Each entry is to be retyped exactly as it appears, and each image is to be dropped.

(Brief descriptive captions)
□ □ □ □ □ □ □
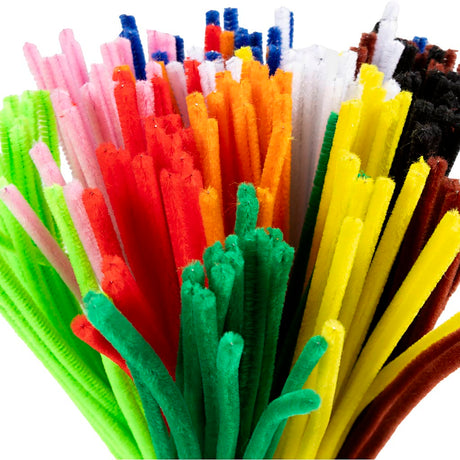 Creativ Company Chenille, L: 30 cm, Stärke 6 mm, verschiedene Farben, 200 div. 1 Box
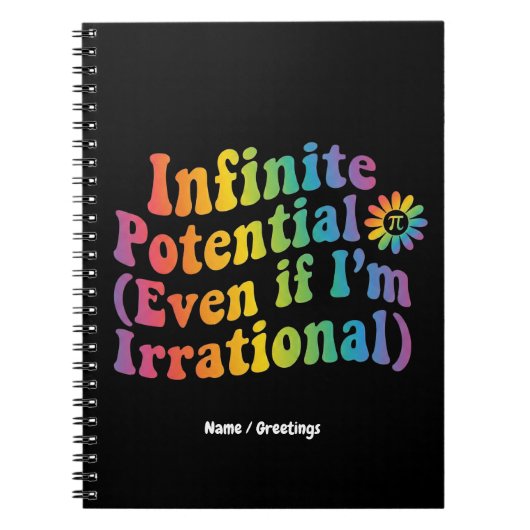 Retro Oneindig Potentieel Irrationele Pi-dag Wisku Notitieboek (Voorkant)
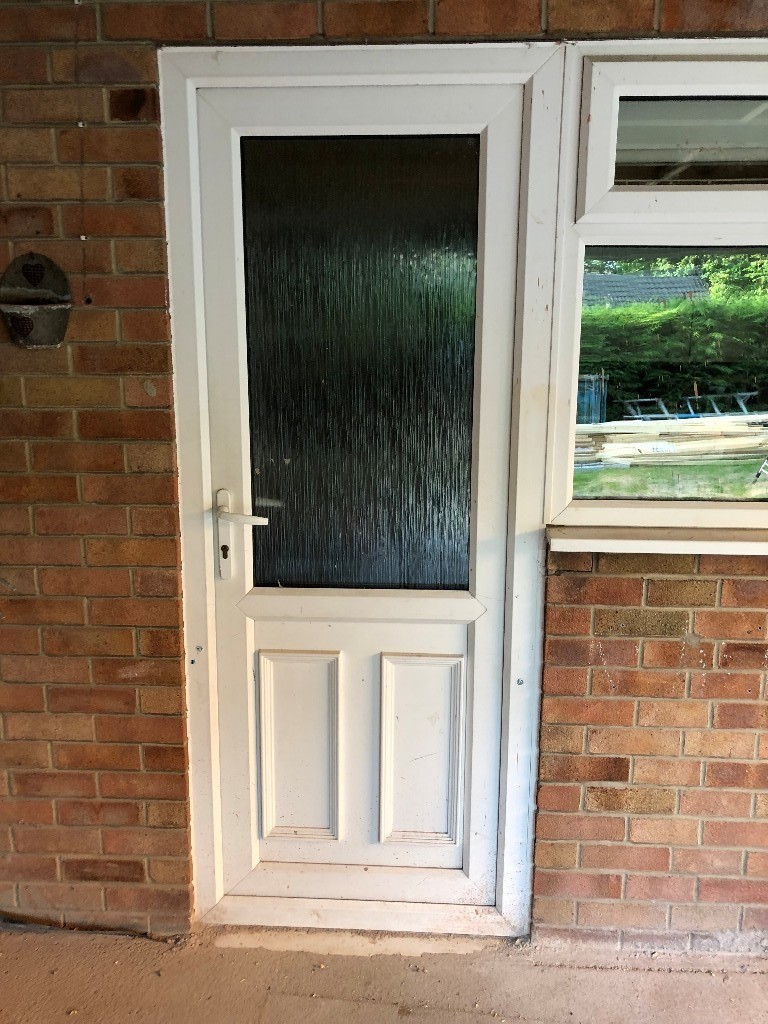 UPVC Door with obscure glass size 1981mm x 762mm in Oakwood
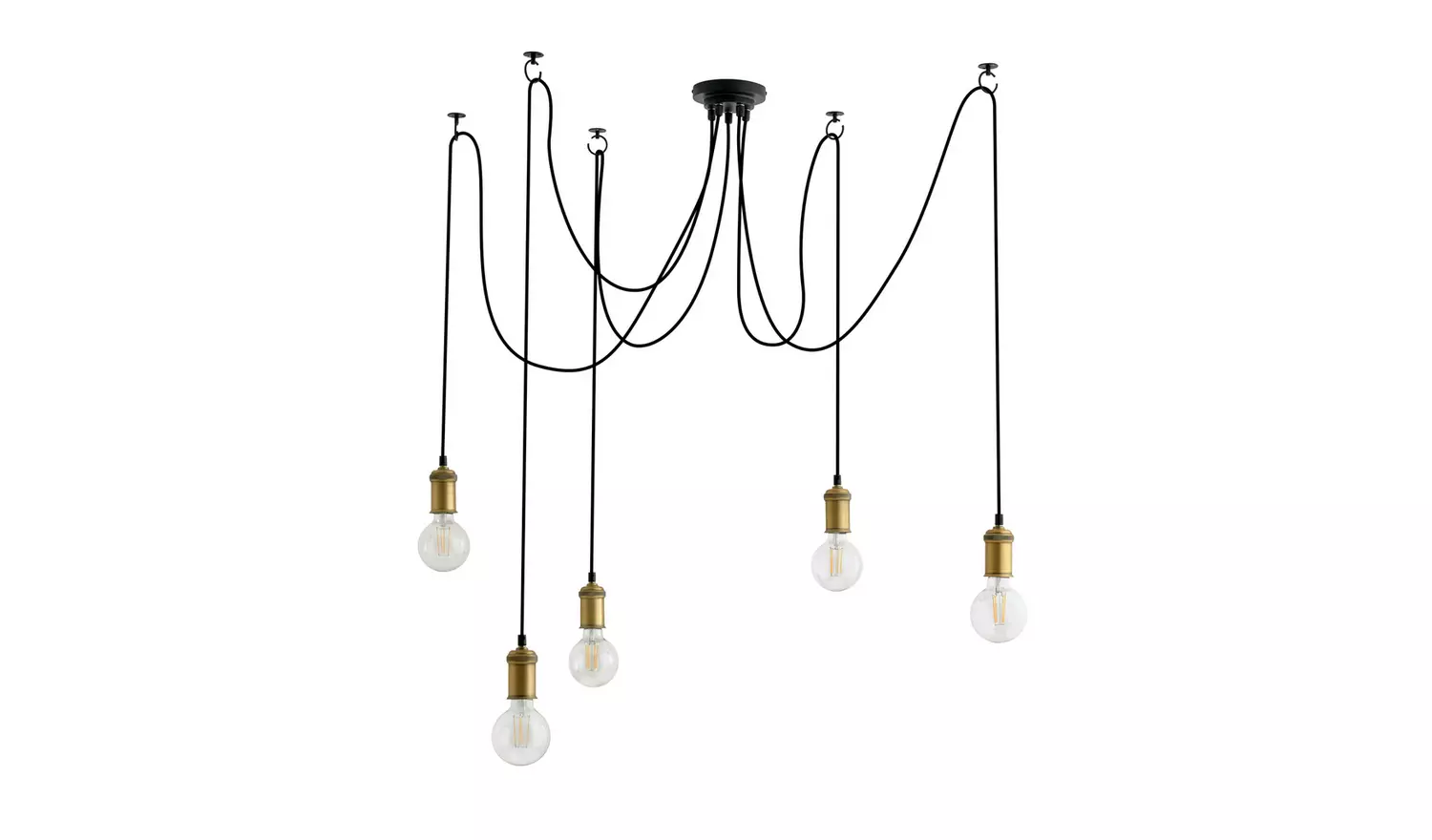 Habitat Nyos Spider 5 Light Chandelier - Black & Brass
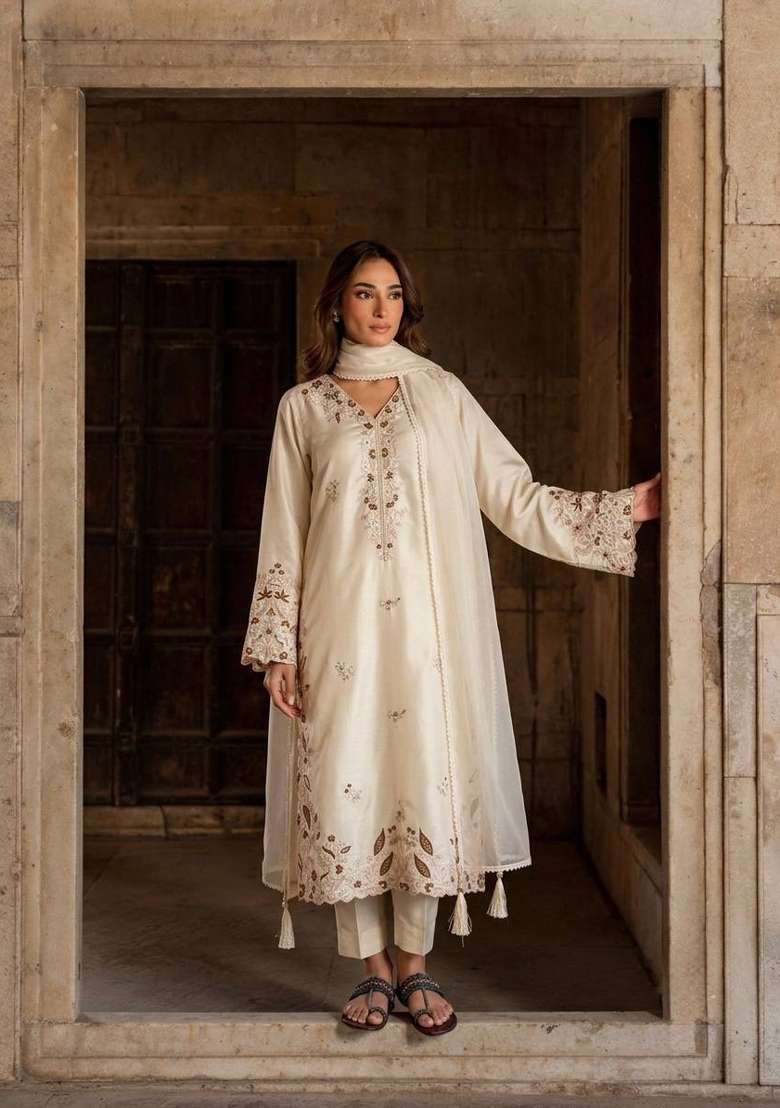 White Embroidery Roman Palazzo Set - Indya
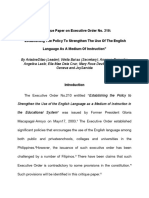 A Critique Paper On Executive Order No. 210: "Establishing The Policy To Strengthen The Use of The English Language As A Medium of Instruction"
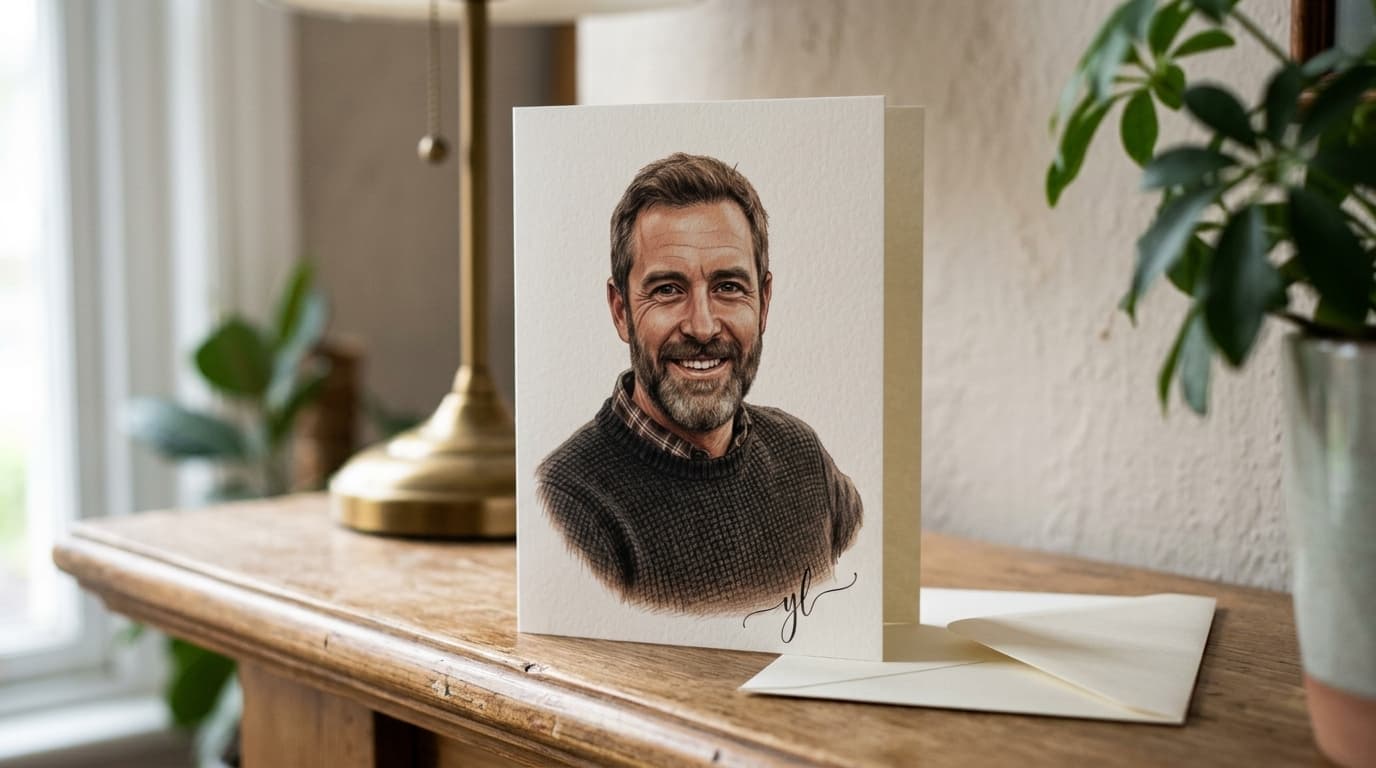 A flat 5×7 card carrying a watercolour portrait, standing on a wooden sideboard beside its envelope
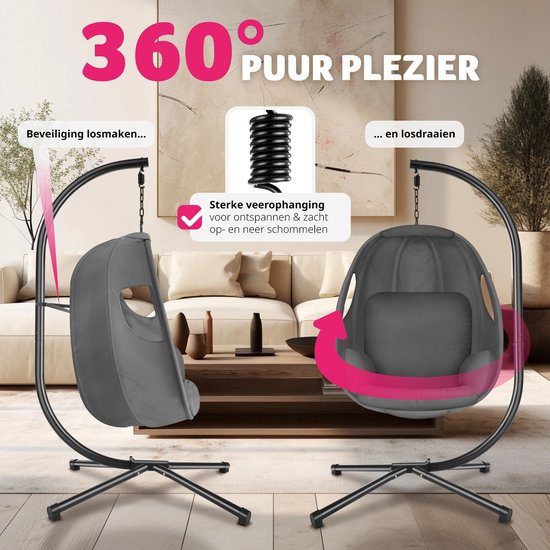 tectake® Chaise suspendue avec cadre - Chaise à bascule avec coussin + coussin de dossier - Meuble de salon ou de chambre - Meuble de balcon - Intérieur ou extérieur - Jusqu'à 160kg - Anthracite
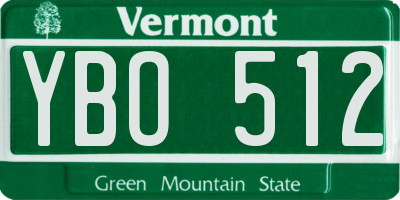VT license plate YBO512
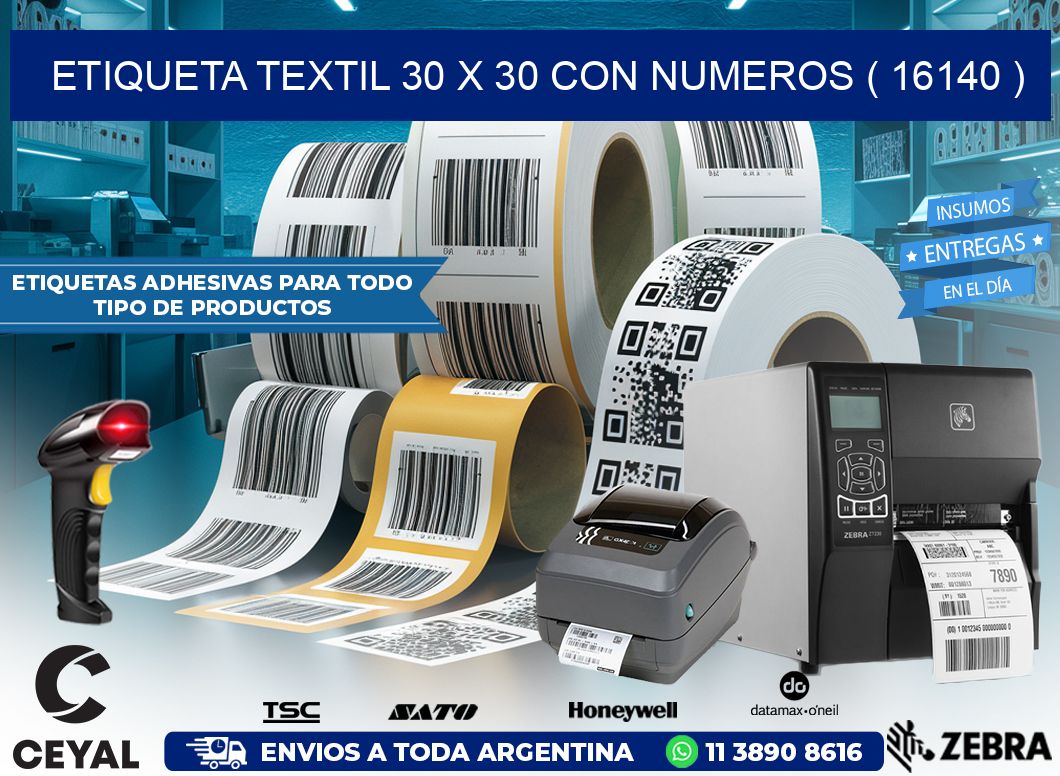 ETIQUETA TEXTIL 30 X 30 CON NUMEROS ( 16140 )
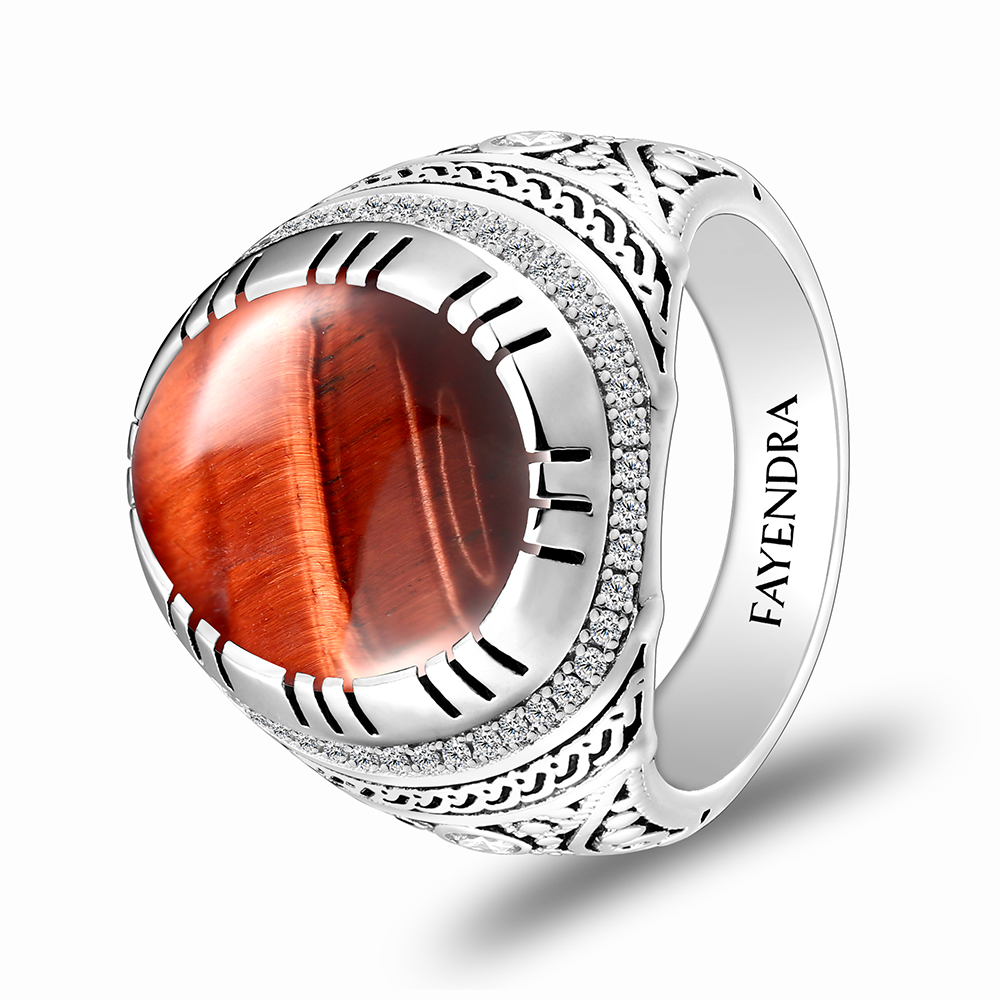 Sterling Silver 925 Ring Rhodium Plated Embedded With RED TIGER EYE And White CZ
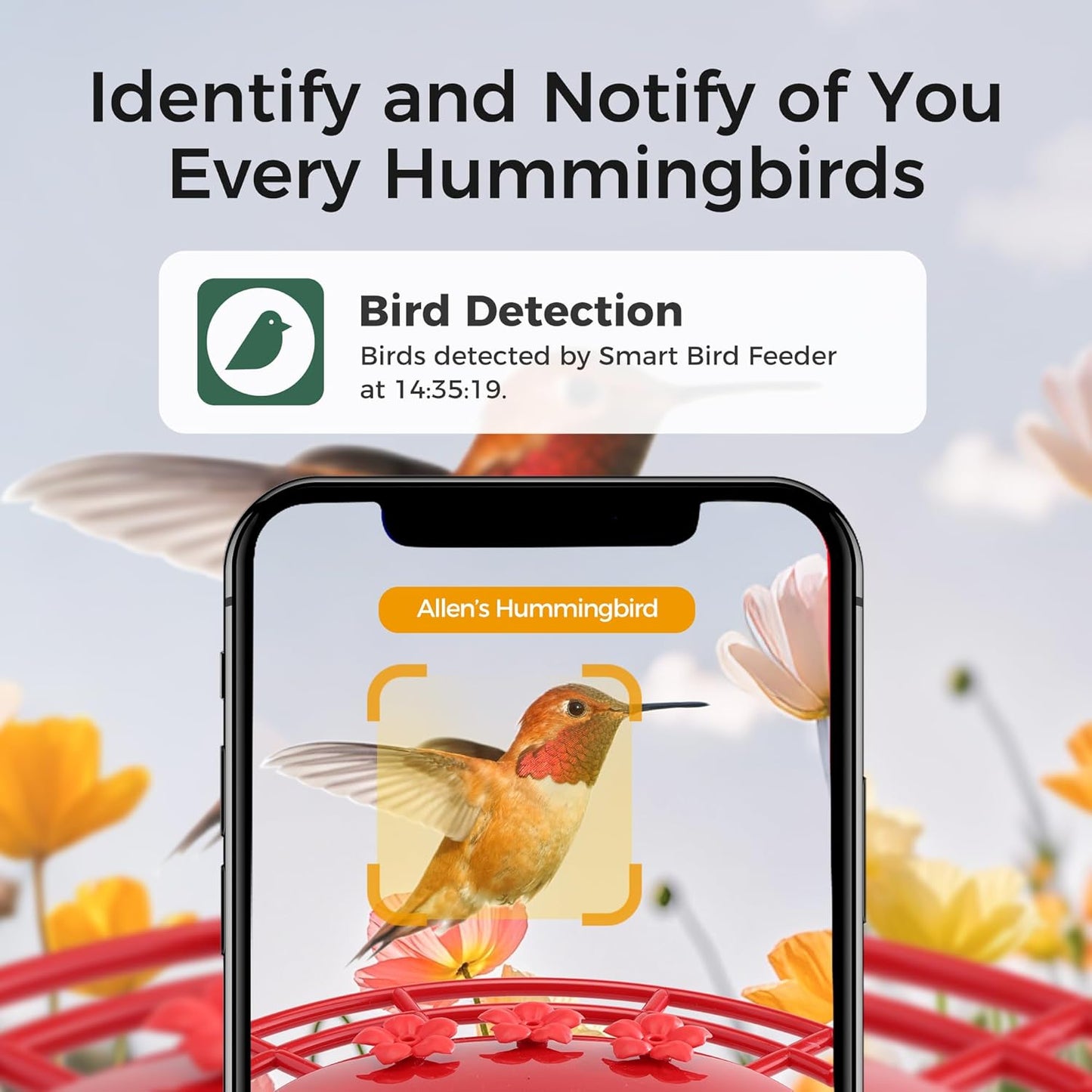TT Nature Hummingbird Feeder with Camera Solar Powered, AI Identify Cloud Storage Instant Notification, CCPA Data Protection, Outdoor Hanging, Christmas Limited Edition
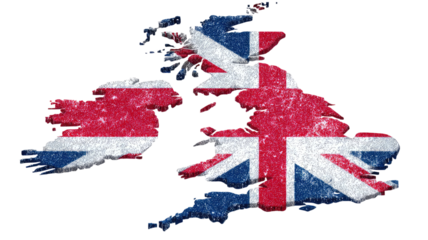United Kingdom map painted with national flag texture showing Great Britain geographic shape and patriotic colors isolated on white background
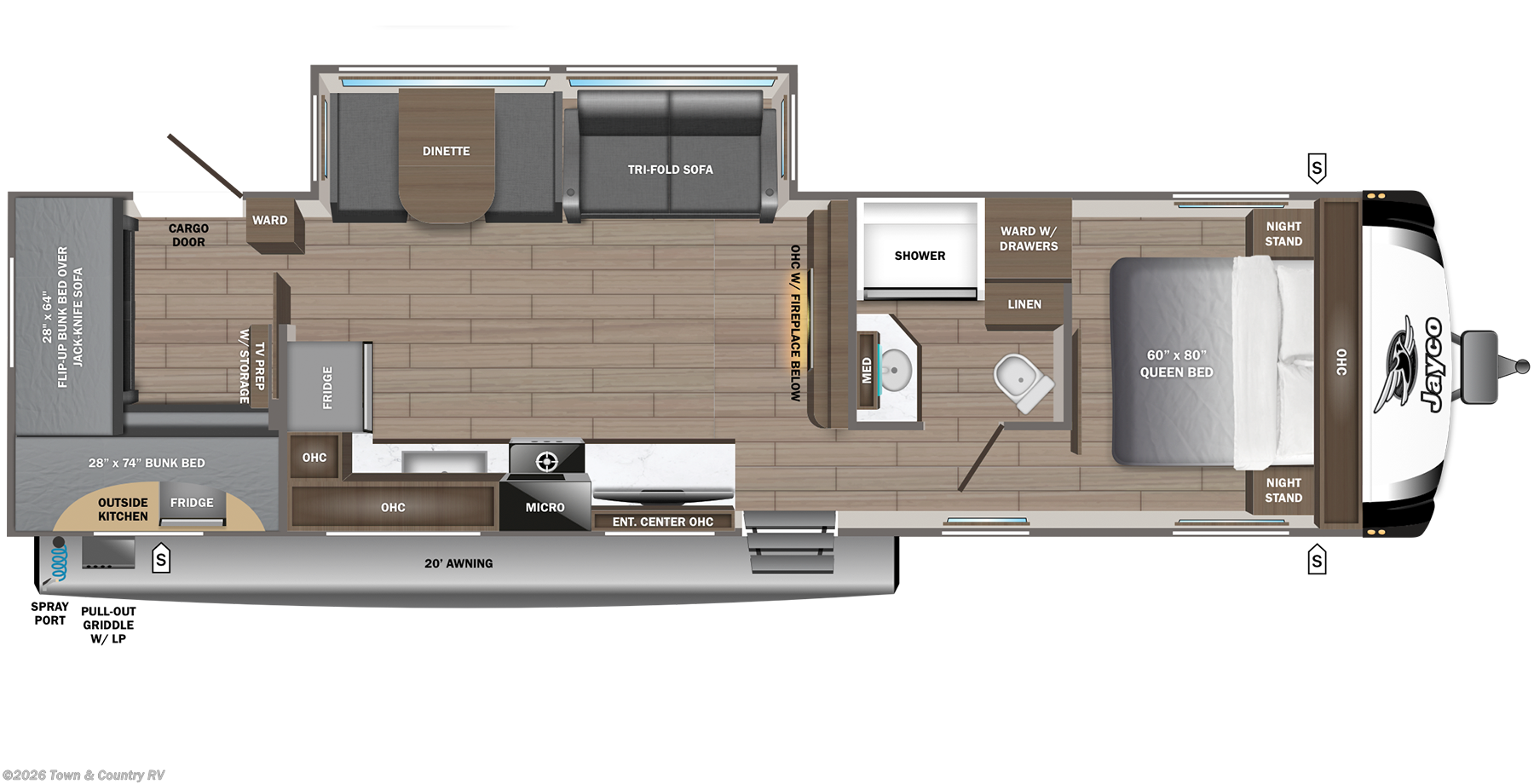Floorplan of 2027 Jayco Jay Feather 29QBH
□ □ □ □ □ □ □
● **Result of this exercise**:
 Creativ Company Chenille, L: 30 cm, Stärke 6 mm, verschiedene Farben, 200 div. 1 Box
 Retro Oneindig Potentieel Irrationele Pi-dag Wisku Notitieboek (Voorkant)
 UPVC Door with obscure glass size 1981mm x 762mm in Oakwood
 Habitat Nyos Spider 5 Light Chandelier - Black & Brass
 White Embroidery Roman Palazzo Set - Indya
 A Critique Paper On Executive Order No. 210: "Establishing The Policy To Strengthen The Use of The English Language As A Medium of Instruction"
 A flat 5×7 card carrying a watercolour portrait, standing on a wooden sideboard beside its envelope
 tectake® Chaise suspendue avec cadre - Chaise à bascule avec coussin + coussin de dossier - Meuble de salon ou de chambre - Meuble de balcon - Intérieur ou extérieur - Jusqu'à 160kg - Anthracite
VT license plate YBO512
 ETIQUETA TEXTIL 30 X 30 CON NUMEROS ( 16140 )
 Sterling Silver 925 Ring Rhodium Plated Embedded With RED TIGER EYE And White CZ
TT Nature Hummingbird Feeder with Camera Solar Powered, AI Identify Cloud Storage Instant Notification, CCPA Data Protection, Outdoor Hanging, Christmas Limited Edition
United Kingdom map painted with national flag texture showing Great Britain geographic shape and patriotic colors isolated on white background
Floorplan of 2027 Jayco Jay Feather 29QBH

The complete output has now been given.